However, you also get lines like this one in Romans 12:

“Do not be conformed to this world, but be transformed by the renewing of your minds, so that you may discern what is the will of God – what is good and acceptable and perfect.”

It sounds like there’s ‘the world’, or the physical realm, and we have to be ‘transformed’ towards the will of God in the spiritual or transcendent realm. Alternately, in 1 Corinthians 2, we get this:

“…we do speak wisdom, though it is not a wisdom of this age… But we speak God’s wisdom, secret and hidden.”

Again, there’s a sense of our earthly human wisdom as something limited and bound to this time and place, and God’s transcendent wisdom as something greater and purer and more true. Obviously God’s transcendent wisdom should be privileged over our earthly wisdom, but that’s not to say that we should privilege the transcendent realm over the earthly one, and it’s not to say that the physical realm is quote-unquote bad.

Probably the more accurate way to describe the Christian conception of this physical reality is as contested. Let’s scroll over to Romans 8, where creation is described as “subjected to futility” and in “bondage to decay”. Both of these images suggest that reality was not originally designed in such a fallen state, but has entered into it from an original state of perfection. This is Augustine’s opinion, at any rate: he argues that “Evil is contrary to nature; in fact it can only do harm to nature; and it would not be a fault to withdraw from God were it not that it is more natural to adhere to him” (XI, 17). He goes on to say that “There is no such entity in nature as ‘evil’; ‘evil’ is merely a name for the privation of good” (XI, 22).

C.S. Lewis actually borrows this idea in Mere Christianity, where he argues that “evil is a parasite, not an original thing”. When I first read this passage in City of God, I sat bolt upright and thought “So that’s where he got it from!” There’s a very clear line of descent – Lewis basically argues that for an evil power to be evil, they must “exist and have intelligence and will.
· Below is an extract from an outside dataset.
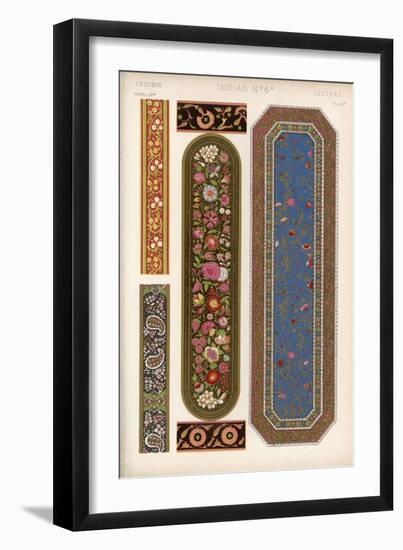 Specimens of Painted Lacquer Work from the Collection at the India House-null-Framed Art Print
But existence, intelligence and will are in themselves good”. Thus, “Christianity agrees with Dualism that this universe is at war”, but it’s “a civil war, a rebellion, and… we are living in a part of the universe occupied by the rebel”. Mere Christianity was initially a series of radio talks given by Lewis in Britain between 1942-1944, so all the war language is bread and butter for the listeners.
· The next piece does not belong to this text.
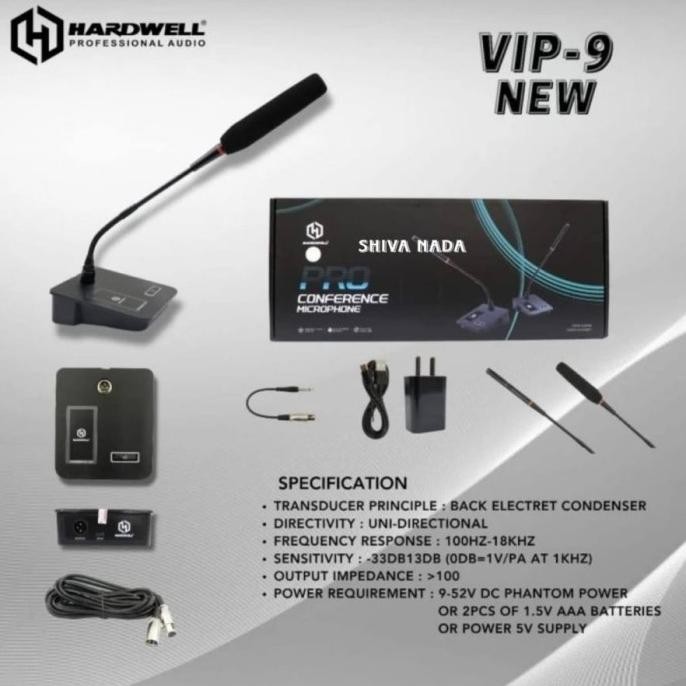 Murah Mic Meja Kabel Hardwell Vip 9 Original Mic Meja Kabel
Anyway: so in its natural state, the world is a good thing. Its current state of “bondage to decay” is an unnatural state, and it’s this unnatural state which is referred to when Paul says things like “Do not be conformed to this world” – he’s not saying the physical realm is bad, he’s saying that it’s our job to rise above this corrupted unnatural state. Of course, this reliance on the image of ‘the natural’ as ‘the good’ carries its own set of problems and insufficiencies – it doesn’t lend itself to certain theological arguments which are otherwise entirely reasonable. For example, the concept of nature doesn’t gel well with the idea of technology. We’ve got this idea of Mother Nature, the perfectly balanced ecosystem that doesn’t take kindly to the meddling and ravages of modern industrialisation. We might say that our human lifestyle is not ‘natural’, insofar as it is not found in nature.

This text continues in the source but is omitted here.